The mixed state - the name alluding to a mix between depression and mania - has traditionally been viewed (more or less) as combining the dysphoria of depression with the energy of mania. Anger, agitation, restlessness and so forth.
I've been depressed and I know only too well the difference between that "active" depression and the "inactive" kind; if I had to choose, I'd always go for the latter, because at least you're in less danger of doing or saying something you later regret.
However, in the proposals for DSM-5, "mixed" episodes as such will be abolished. Instead, a depressive episode will have "mixed features" if it is associated with at least 3 of 7 symptoms normally seen in (hypo)mania. But - and here's the key novelty - those 7 are only the "good" symptoms of mania. Not things like anger, irritability, insomnia or 'aimless' hyperactivity. (Edit: There are also separate criteria for "mixed" manic and hypomanic episodes).
What will this mean? In a new paper, psychiatrists Perlis, Cusin, and Fava tried to find out. The large STAR*D antidepressant trial recruited people with depression, but it gave everyone the Psychiatric Diagnosis Screening Questionnaire (PDSQ), amongst many other measures. This helpfully included six items on "mania symptoms", which correspond pretty closely to the DSM-V proposed "mixed" features.
Perlis et al found that depressed patients who reported experiencing these "mixed" items had a better response to antidepressant treatment. The more mixed symptoms, the more likely they were to get better on the common SSRI citalopram, even adjusting for other variables.

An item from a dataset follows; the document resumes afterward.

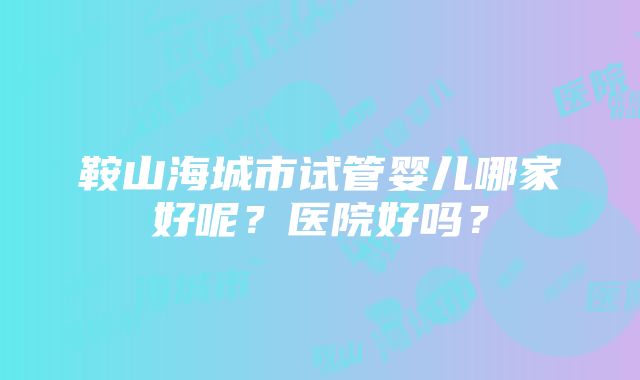 鞍山海城市试管婴儿哪家好呢？医院好吗？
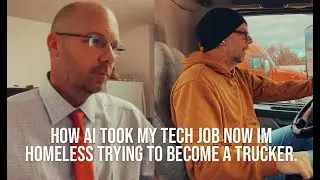 AI Took My $150K Tech Job... Now I'm Homeless & Training to Drive Trucks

That's the exact opposite of what you'd expect from a measure of "mixed states", as these are thought to be less responsive to antidepressants - maybe even caused by them. There was no placebo group, so it's unclear why they got better, but either way, it's unexpected; the authors declare themselves "surprised". Hmm. What a mystery...
Or maybe not. These manic symptoms are all things that you're not when you're depressed. The 6 items actually make a good summary of what depression, even agitated depression (except maybe #6) isn't.
So, one interpretation of these results is that people who endorsed these items just weren't depressed, at some point in the 6 months prior to doing the PDSQ. Assuming they were depressed at other points that means their mood was variable over time.
People whose depression is variable might well be more likely to recover than the ones whose depression was unrelenting.
Now Perlis et al do consider this -
further models were fit incorporating the IDS-C30 pleasure and reactivity items; results were essentially unchanged indicating that they are unlikely to be confounded by mood variability per se...But this assumes that the IDS-C30 questionnaire is a good measure of mood variability in this sample. Maybe it's not, and these data are telling us so. I'd have said that's more likely than the idea that these people were actually both cheerful and depressed at the same time, which seems like a contradiction in terms.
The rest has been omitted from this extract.